**PROVIDED DATA:**
*** Block opens ***
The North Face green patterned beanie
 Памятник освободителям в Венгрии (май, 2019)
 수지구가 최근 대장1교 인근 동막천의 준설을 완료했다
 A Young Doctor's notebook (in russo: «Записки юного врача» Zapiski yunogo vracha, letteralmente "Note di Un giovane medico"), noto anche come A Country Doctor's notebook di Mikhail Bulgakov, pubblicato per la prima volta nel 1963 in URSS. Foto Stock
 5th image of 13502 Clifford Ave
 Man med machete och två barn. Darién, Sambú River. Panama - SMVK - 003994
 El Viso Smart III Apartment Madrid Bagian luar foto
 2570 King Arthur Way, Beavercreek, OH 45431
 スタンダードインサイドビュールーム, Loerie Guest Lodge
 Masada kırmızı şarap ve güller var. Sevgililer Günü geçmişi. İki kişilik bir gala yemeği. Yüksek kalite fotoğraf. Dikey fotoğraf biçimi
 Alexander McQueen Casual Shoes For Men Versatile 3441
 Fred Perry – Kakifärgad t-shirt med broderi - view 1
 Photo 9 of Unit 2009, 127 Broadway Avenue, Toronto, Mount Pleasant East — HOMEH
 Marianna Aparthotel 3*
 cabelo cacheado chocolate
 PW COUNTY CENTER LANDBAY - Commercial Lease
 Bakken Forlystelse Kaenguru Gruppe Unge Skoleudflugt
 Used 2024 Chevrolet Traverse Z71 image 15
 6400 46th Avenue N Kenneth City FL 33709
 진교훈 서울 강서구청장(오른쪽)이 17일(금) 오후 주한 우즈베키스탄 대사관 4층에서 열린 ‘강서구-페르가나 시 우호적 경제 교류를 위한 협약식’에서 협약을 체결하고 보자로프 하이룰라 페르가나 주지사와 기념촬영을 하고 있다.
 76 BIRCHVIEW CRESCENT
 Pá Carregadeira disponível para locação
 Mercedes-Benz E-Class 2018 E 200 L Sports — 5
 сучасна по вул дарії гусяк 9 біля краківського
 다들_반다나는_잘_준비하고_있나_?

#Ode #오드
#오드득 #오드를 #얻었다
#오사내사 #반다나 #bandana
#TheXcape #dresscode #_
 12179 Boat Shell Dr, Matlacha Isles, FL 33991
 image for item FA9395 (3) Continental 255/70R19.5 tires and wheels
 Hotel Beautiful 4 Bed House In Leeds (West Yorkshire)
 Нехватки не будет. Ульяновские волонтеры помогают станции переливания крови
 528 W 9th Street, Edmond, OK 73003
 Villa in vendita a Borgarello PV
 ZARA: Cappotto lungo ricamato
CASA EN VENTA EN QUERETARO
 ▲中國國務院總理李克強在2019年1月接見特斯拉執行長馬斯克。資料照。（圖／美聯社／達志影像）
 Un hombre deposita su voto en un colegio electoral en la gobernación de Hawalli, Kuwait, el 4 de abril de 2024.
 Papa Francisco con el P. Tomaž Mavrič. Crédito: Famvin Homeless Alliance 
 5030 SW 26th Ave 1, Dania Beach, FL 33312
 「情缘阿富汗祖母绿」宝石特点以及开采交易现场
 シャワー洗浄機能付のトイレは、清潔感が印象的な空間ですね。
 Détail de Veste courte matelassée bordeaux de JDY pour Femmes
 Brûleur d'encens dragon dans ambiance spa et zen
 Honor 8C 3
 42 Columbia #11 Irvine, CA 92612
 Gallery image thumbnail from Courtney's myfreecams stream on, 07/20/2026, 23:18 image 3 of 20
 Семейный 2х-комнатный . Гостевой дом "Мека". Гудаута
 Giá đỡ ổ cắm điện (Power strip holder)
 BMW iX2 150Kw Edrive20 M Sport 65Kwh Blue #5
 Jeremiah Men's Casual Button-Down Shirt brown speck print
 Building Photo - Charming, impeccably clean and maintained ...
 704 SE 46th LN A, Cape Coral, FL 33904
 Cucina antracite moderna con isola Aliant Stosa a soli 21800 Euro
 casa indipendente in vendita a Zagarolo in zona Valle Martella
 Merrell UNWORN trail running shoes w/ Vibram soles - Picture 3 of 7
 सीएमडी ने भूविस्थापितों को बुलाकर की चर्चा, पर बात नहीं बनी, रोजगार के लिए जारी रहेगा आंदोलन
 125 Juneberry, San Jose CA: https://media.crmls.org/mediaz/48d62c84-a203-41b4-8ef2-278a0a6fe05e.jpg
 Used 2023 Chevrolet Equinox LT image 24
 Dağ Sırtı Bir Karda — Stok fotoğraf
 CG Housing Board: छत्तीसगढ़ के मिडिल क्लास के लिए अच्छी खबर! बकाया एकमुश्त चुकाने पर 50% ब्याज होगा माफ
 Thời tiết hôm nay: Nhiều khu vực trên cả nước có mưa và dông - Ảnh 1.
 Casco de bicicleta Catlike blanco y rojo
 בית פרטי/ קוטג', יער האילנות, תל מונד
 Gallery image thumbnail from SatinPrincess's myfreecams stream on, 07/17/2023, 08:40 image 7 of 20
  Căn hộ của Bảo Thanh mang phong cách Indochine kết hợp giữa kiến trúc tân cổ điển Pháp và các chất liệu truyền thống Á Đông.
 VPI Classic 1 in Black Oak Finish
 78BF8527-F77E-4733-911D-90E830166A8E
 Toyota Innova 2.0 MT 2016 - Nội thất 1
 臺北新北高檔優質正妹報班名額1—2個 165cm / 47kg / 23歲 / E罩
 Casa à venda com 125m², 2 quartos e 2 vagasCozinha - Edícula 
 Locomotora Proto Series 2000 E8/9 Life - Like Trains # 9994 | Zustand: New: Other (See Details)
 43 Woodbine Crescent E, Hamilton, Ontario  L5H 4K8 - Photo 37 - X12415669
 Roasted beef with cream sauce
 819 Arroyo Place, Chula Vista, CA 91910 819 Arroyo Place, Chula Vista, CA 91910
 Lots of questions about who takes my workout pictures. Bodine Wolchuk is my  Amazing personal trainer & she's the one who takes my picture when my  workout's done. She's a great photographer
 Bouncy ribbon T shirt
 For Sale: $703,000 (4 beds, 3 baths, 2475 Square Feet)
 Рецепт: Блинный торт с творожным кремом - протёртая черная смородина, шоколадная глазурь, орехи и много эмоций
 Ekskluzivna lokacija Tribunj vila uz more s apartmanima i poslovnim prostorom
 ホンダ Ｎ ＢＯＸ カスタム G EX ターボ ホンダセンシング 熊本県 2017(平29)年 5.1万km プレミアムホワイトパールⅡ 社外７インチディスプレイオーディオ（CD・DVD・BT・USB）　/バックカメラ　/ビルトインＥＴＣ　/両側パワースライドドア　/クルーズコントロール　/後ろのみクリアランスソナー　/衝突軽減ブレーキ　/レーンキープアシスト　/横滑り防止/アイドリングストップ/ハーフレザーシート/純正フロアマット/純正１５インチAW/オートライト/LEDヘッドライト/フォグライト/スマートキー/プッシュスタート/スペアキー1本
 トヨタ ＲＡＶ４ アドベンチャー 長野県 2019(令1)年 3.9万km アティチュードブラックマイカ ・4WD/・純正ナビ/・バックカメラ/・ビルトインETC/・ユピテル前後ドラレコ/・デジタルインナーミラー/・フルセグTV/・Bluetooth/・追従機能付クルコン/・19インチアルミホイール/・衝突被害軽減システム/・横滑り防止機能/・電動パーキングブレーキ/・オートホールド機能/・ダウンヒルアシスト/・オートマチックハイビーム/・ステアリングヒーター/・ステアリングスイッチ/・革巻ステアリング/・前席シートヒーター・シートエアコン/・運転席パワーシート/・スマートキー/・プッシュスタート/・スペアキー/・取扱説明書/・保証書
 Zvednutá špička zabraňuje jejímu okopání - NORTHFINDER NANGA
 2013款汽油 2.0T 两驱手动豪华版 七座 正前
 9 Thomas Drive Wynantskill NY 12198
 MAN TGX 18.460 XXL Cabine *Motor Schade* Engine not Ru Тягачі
*** Block closes ***
**TASK PROMPT:** Return each line above exactly.

**OUTPUT BELOW:**
The North Face green patterned beanie
 Памятник освободителям в Венгрии (май, 2019)
 수지구가 최근 대장1교 인근 동막천의 준설을 완료했다
 A Young Doctor's notebook (in russo: «Записки юного врача» Zapiski yunogo vracha, letteralmente "Note di Un giovane medico"), noto anche come A Country Doctor's notebook di Mikhail Bulgakov, pubblicato per la prima volta nel 1963 in URSS. Foto Stock
 5th image of 13502 Clifford Ave
 Man med machete och två barn. Darién, Sambú River. Panama - SMVK - 003994
 El Viso Smart III Apartment Madrid Bagian luar foto
 2570 King Arthur Way, Beavercreek, OH 45431
 スタンダードインサイドビュールーム, Loerie Guest Lodge
 Masada kırmızı şarap ve güller var. Sevgililer Günü geçmişi. İki kişilik bir gala yemeği. Yüksek kalite fotoğraf. Dikey fotoğraf biçimi
 Alexander McQueen Casual Shoes For Men Versatile 3441
 Fred Perry – Kakifärgad t-shirt med broderi - view 1
 Photo 9 of Unit 2009, 127 Broadway Avenue, Toronto, Mount Pleasant East — HOMEH
 Marianna Aparthotel 3*
 cabelo cacheado chocolate
 PW COUNTY CENTER LANDBAY - Commercial Lease
 Bakken Forlystelse Kaenguru Gruppe Unge Skoleudflugt
 Used 2024 Chevrolet Traverse Z71 image 15
 6400 46th Avenue N Kenneth City FL 33709
 진교훈 서울 강서구청장(오른쪽)이 17일(금) 오후 주한 우즈베키스탄 대사관 4층에서 열린 ‘강서구-페르가나 시 우호적 경제 교류를 위한 협약식’에서 협약을 체결하고 보자로프 하이룰라 페르가나 주지사와 기념촬영을 하고 있다.
 76 BIRCHVIEW CRESCENT
 Pá Carregadeira disponível para locação
 Mercedes-Benz E-Class 2018 E 200 L Sports — 5
 сучасна по вул дарії гусяк 9 біля краківського
 다들_반다나는_잘_준비하고_있나_?

#Ode #오드
#오드득 #오드를 #얻었다
#오사내사 #반다나 #bandana
#TheXcape #dresscode #_
 12179 Boat Shell Dr, Matlacha Isles, FL 33991
 image for item FA9395 (3) Continental 255/70R19.5 tires and wheels
 Hotel Beautiful 4 Bed House In Leeds (West Yorkshire)
 Нехватки не будет. Ульяновские волонтеры помогают станции переливания крови
 528 W 9th Street, Edmond, OK 73003
 Villa in vendita a Borgarello PV
 ZARA: Cappotto lungo ricamato
CASA EN VENTA EN QUERETARO
 ▲中國國務院總理李克強在2019年1月接見特斯拉執行長馬斯克。資料照。（圖／美聯社／達志影像）
 Un hombre deposita su voto en un colegio electoral en la gobernación de Hawalli, Kuwait, el 4 de abril de 2024.
 Papa Francisco con el P. Tomaž Mavrič. Crédito: Famvin Homeless Alliance 
 5030 SW 26th Ave 1, Dania Beach, FL 33312
 「情缘阿富汗祖母绿」宝石特点以及开采交易现场
 シャワー洗浄機能付のトイレは、清潔感が印象的な空間ですね。
 Détail de Veste courte matelassée bordeaux de JDY pour Femmes
 Brûleur d'encens dragon dans ambiance spa et zen
 Honor 8C 3
 42 Columbia #11 Irvine, CA 92612
 Gallery image thumbnail from Courtney's myfreecams stream on, 07/20/2026, 23:18 image 3 of 20
 Семейный 2х-комнатный . Гостевой дом "Мека". Гудаута
 Giá đỡ ổ cắm điện (Power strip holder)
 BMW iX2 150Kw Edrive20 M Sport 65Kwh Blue #5
 Jeremiah Men's Casual Button-Down Shirt brown speck print
 Building Photo - Charming, impeccably clean and maintained ...
 704 SE 46th LN A, Cape Coral, FL 33904
 Cucina antracite moderna con isola Aliant Stosa a soli 21800 Euro
 casa indipendente in vendita a Zagarolo in zona Valle Martella
 Merrell UNWORN trail running shoes w/ Vibram soles - Picture 3 of 7
 सीएमडी ने भूविस्थापितों को बुलाकर की चर्चा, पर बात नहीं बनी, रोजगार के लिए जारी रहेगा आंदोलन
 125 Juneberry, San Jose CA: https://media.crmls.org/mediaz/48d62c84-a203-41b4-8ef2-278a0a6fe05e.jpg
 Used 2023 Chevrolet Equinox LT image 24
 Dağ Sırtı Bir Karda — Stok fotoğraf
 CG Housing Board: छत्तीसगढ़ के मिडिल क्लास के लिए अच्छी खबर! बकाया एकमुश्त चुकाने पर 50% ब्याज होगा माफ
 Thời tiết hôm nay: Nhiều khu vực trên cả nước có mưa và dông - Ảnh 1.
 Casco de bicicleta Catlike blanco y rojo
 בית פרטי/ קוטג', יער האילנות, תל מונד
 Gallery image thumbnail from SatinPrincess's myfreecams stream on, 07/17/2023, 08:40 image 7 of 20
  Căn hộ của Bảo Thanh mang phong cách Indochine kết hợp giữa kiến trúc tân cổ điển Pháp và các chất liệu truyền thống Á Đông.
 VPI Classic 1 in Black Oak Finish
 78BF8527-F77E-4733-911D-90E830166A8E
 Toyota Innova 2.0 MT 2016 - Nội thất 1
 臺北新北高檔優質正妹報班名額1—2個 165cm / 47kg / 23歲 / E罩
 Casa à venda com 125m², 2 quartos e 2 vagasCozinha - Edícula 
 Locomotora Proto Series 2000 E8/9 Life - Like Trains # 9994 | Zustand: New: Other (See Details)
 43 Woodbine Crescent E, Hamilton, Ontario  L5H 4K8 - Photo 37 - X12415669
 Roasted beef with cream sauce
 819 Arroyo Place, Chula Vista, CA 91910 819 Arroyo Place, Chula Vista, CA 91910
 Lots of questions about who takes my workout pictures. Bodine Wolchuk is my  Amazing personal trainer & she's the one who takes my picture when my  workout's done. She's a great photographer
 Bouncy ribbon T shirt
 For Sale: $703,000 (4 beds, 3 baths, 2475 Square Feet)
 Рецепт: Блинный торт с творожным кремом - протёртая черная смородина, шоколадная глазурь, орехи и много эмоций
 Ekskluzivna lokacija Tribunj vila uz more s apartmanima i poslovnim prostorom
 ホンダ Ｎ ＢＯＸ カスタム G EX ターボ ホンダセンシング 熊本県 2017(平29)年 5.1万km プレミアムホワイトパールⅡ 社外７インチディスプレイオーディオ（CD・DVD・BT・USB）　/バックカメラ　/ビルトインＥＴＣ　/両側パワースライドドア　/クルーズコントロール　/後ろのみクリアランスソナー　/衝突軽減ブレーキ　/レーンキープアシスト　/横滑り防止/アイドリングストップ/ハーフレザーシート/純正フロアマット/純正１５インチAW/オートライト/LEDヘッドライト/フォグライト/スマートキー/プッシュスタート/スペアキー1本
 トヨタ ＲＡＶ４ アドベンチャー 長野県 2019(令1)年 3.9万km アティチュードブラックマイカ ・4WD/・純正ナビ/・バックカメラ/・ビルトインETC/・ユピテル前後ドラレコ/・デジタルインナーミラー/・フルセグTV/・Bluetooth/・追従機能付クルコン/・19インチアルミホイール/・衝突被害軽減システム/・横滑り防止機能/・電動パーキングブレーキ/・オートホールド機能/・ダウンヒルアシスト/・オートマチックハイビーム/・ステアリングヒーター/・ステアリングスイッチ/・革巻ステアリング/・前席シートヒーター・シートエアコン/・運転席パワーシート/・スマートキー/・プッシュスタート/・スペアキー/・取扱説明書/・保証書
 Zvednutá špička zabraňuje jejímu okopání - NORTHFINDER NANGA
 2013款汽油 2.0T 两驱手动豪华版 七座 正前
 9 Thomas Drive Wynantskill NY 12198
 MAN TGX 18.460 XXL Cabine *Motor Schade* Engine not Ru Тягачі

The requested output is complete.